• INSTRUCTIONS TO FOLLOW: Only an exact repetition of the lines from the one holding "The Who London" to the end of the data is wanted, with pictures left out.

• INPUT DATA:
──────────
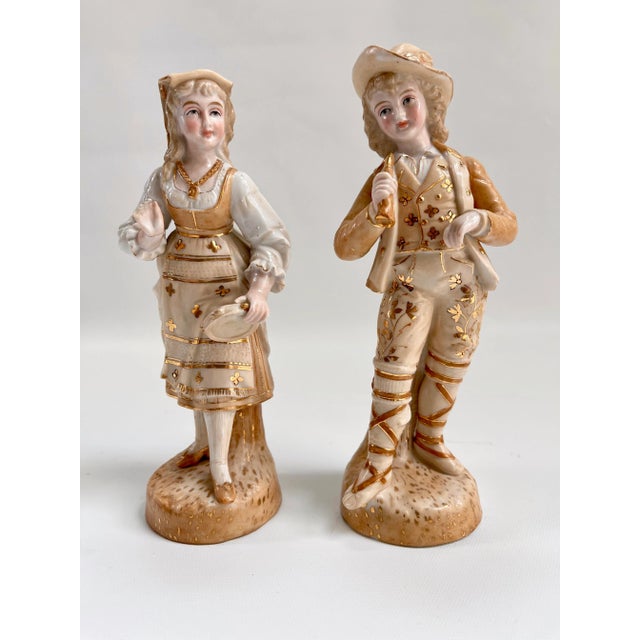 Antique Paris Porcelain Gilt Figurines - a Pair For Sale - Image 4 of 10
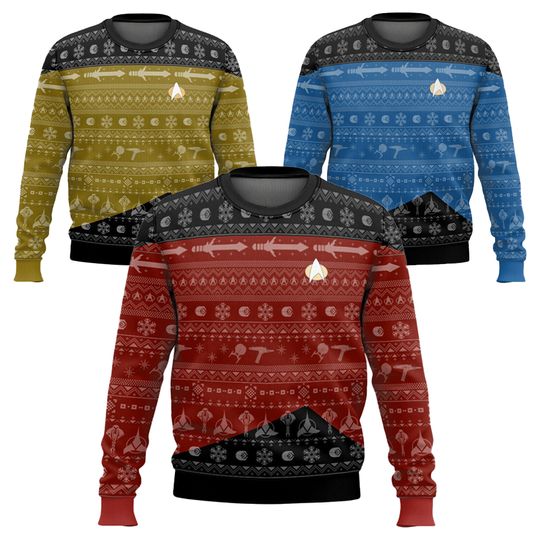 Captain Picard Uniform 1987 Ugly Christmas Sweater Funny Holiday Party Pullover Plus Size Sweater for Men Women Xmas Gift 2026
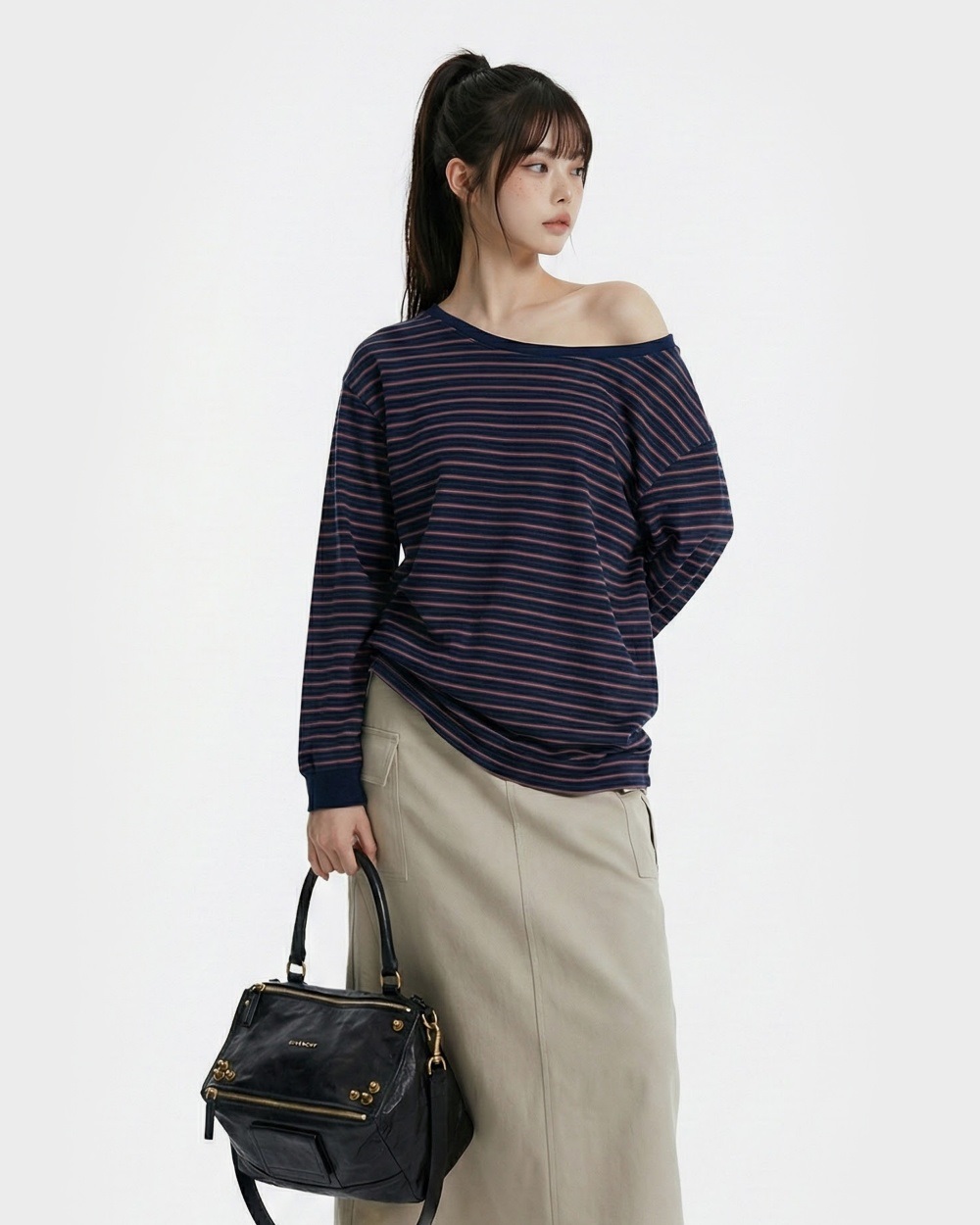 コットンボートネックワンショルダー長袖ボーダーTシャツ | 詳細画像5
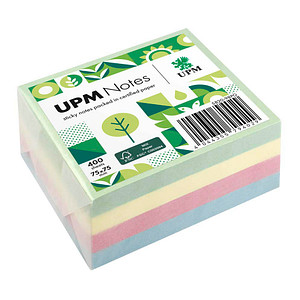 UPM Raflatac Haftnotizen 5820-98PG, pastell, 75x75mm, grün/gelb/pink/blau, quadratisch 4044355794029 UPM Raflatac 400 Blatt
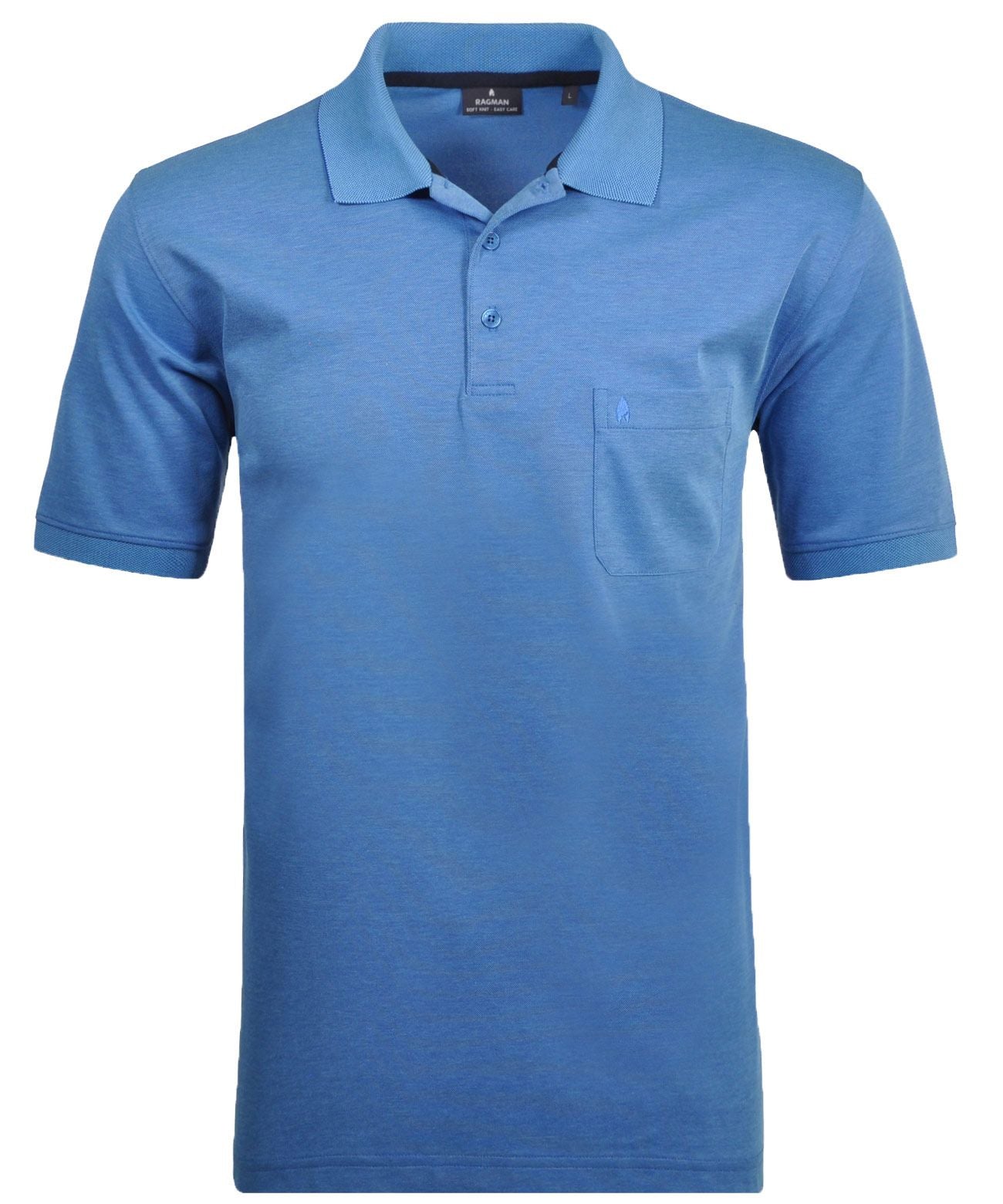 RAGMAN Softknit-Polo mit Brusttasche, kurzarm L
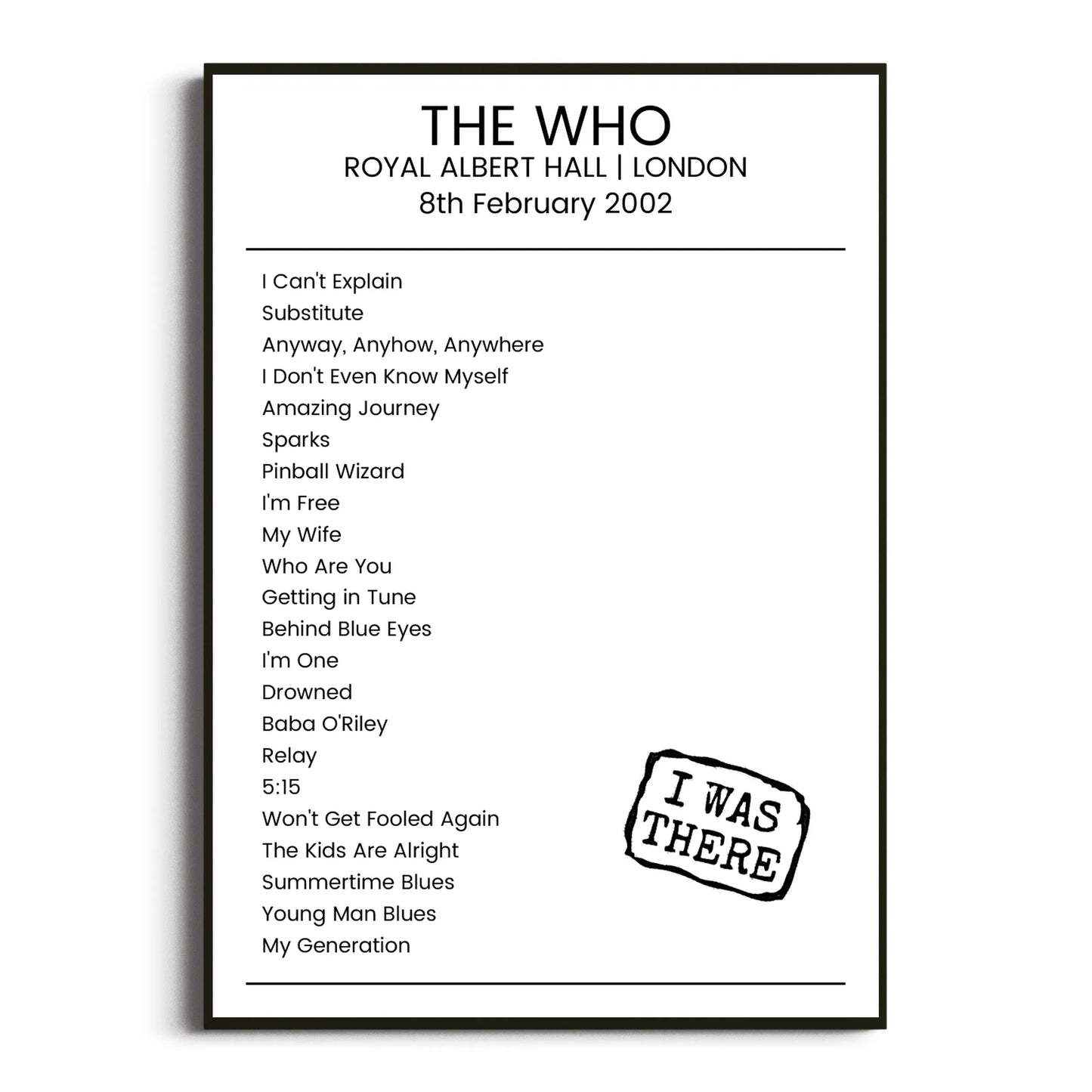 The Who London 08 February 2002 Setlist Poster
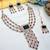 Green rose gold premium designer american diamond and stone work necklace set
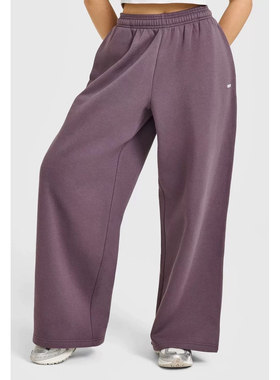 TTWOLVES全棉刺绣水洗女士运动健身宽松简约阔腿直筒抓毛卫裤X18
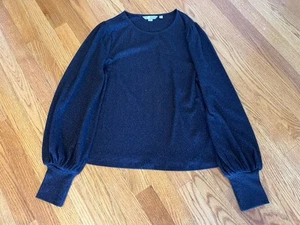 Boden Sparkly Pullover Sweater Women’s Sz Size 14 Dark Blue Bronze Sparkles Chic - Picture 1 of 11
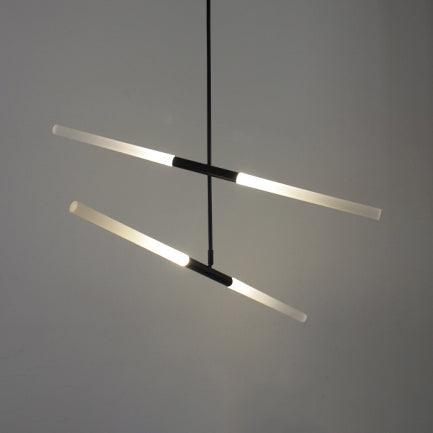 Acrylic Tubular Chandelier Modern 2/4/6 Lights Black White Gold Ceiling Pendant - Rebooters
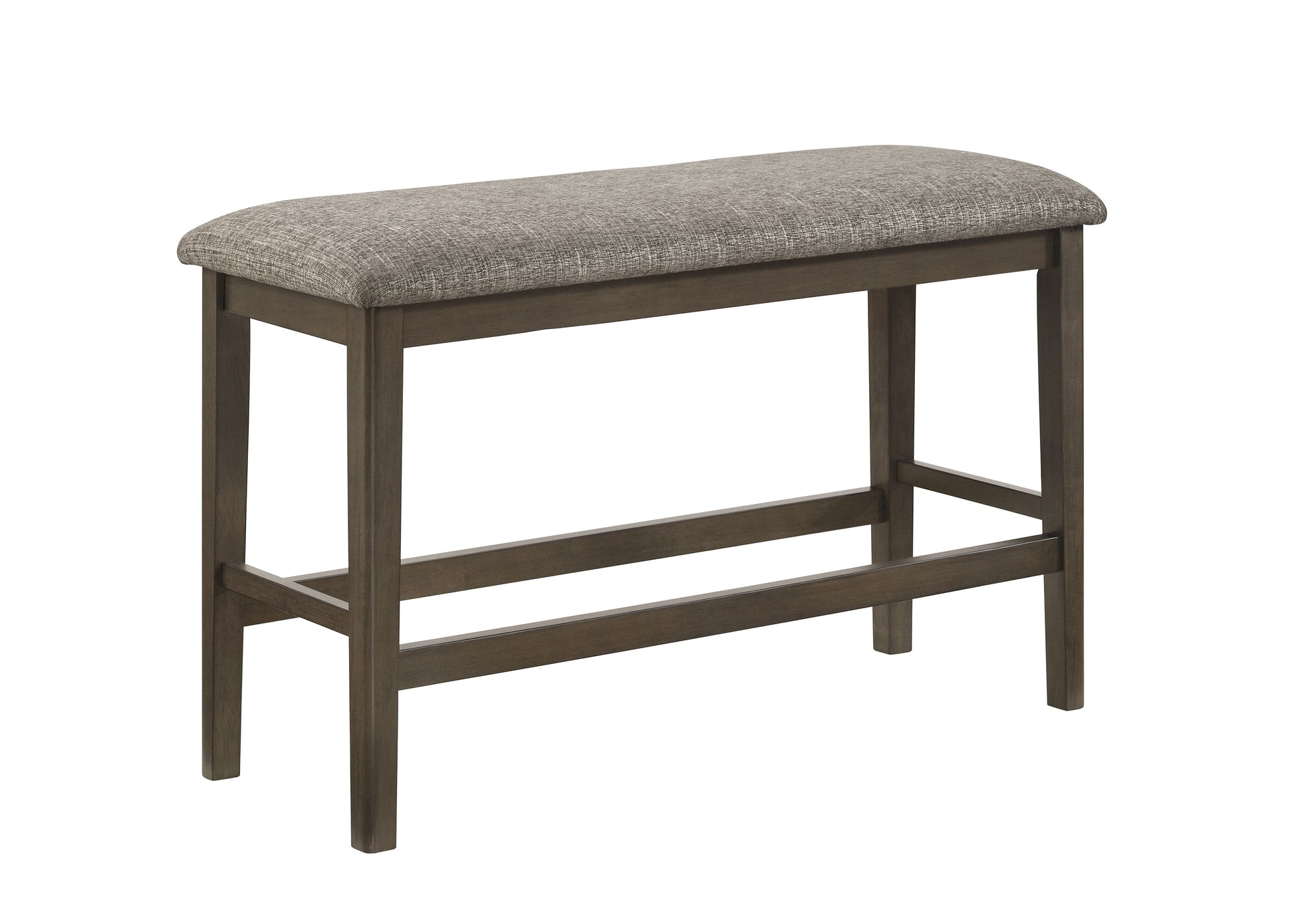 1Pc Dark Brown Transitional Counter Height Bench Upholstered Seat Gray Linen Finish Wooden Furniture Brown Solid Wood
──────────
• YOUR SOLUTION:
 The Who London 08 February 2002 Setlist Poster
 Green rose gold premium designer american diamond and stone work necklace set
 TTWOLVES全棉刺绣水洗女士运动健身宽松简约阔腿直筒抓毛卫裤X18
 Boden Sparkly Pullover Sweater Women’s Sz Size 14 Dark Blue Bronze Sparkles Chic - Picture 1 of 11
 Acrylic Tubular Chandelier Modern 2/4/6 Lights Black White Gold Ceiling Pendant - Rebooters
 1Pc Dark Brown Transitional Counter Height Bench Upholstered Seat Gray Linen Finish Wooden Furniture Brown Solid Wood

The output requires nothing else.